━━━ Provided information
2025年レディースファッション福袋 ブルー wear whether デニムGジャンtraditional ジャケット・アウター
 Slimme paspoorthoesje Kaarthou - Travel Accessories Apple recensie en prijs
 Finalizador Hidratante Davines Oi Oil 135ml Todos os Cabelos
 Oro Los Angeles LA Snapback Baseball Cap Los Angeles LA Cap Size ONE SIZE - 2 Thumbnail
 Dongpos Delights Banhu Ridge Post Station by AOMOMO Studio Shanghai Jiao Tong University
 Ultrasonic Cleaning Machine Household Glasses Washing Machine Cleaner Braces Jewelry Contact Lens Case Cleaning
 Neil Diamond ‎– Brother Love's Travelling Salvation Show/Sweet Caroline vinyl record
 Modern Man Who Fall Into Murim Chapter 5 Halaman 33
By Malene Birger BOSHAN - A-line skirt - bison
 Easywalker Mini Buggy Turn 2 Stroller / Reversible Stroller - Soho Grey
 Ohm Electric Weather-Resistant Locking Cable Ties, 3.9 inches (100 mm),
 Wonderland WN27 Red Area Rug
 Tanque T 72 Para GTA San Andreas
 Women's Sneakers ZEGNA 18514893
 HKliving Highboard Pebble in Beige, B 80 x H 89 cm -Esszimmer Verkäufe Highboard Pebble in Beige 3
━━━━━━
• **What is required**
Only the lines from the one that contains "Modern Man Who" to the end of the entries above should be given again, exactly and in full.

• **Solution to the problem**
 Modern Man Who Fall Into Murim Chapter 5 Halaman 33
By Malene Birger BOSHAN - A-line skirt - bison
 Easywalker Mini Buggy Turn 2 Stroller / Reversible Stroller - Soho Grey
 Ohm Electric Weather-Resistant Locking Cable Ties, 3.9 inches (100 mm),
 Wonderland WN27 Red Area Rug
 Tanque T 72 Para GTA San Andreas
 Women's Sneakers ZEGNA 18514893
 HKliving Highboard Pebble in Beige, B 80 x H 89 cm -Esszimmer Verkäufe Highboard Pebble in Beige 3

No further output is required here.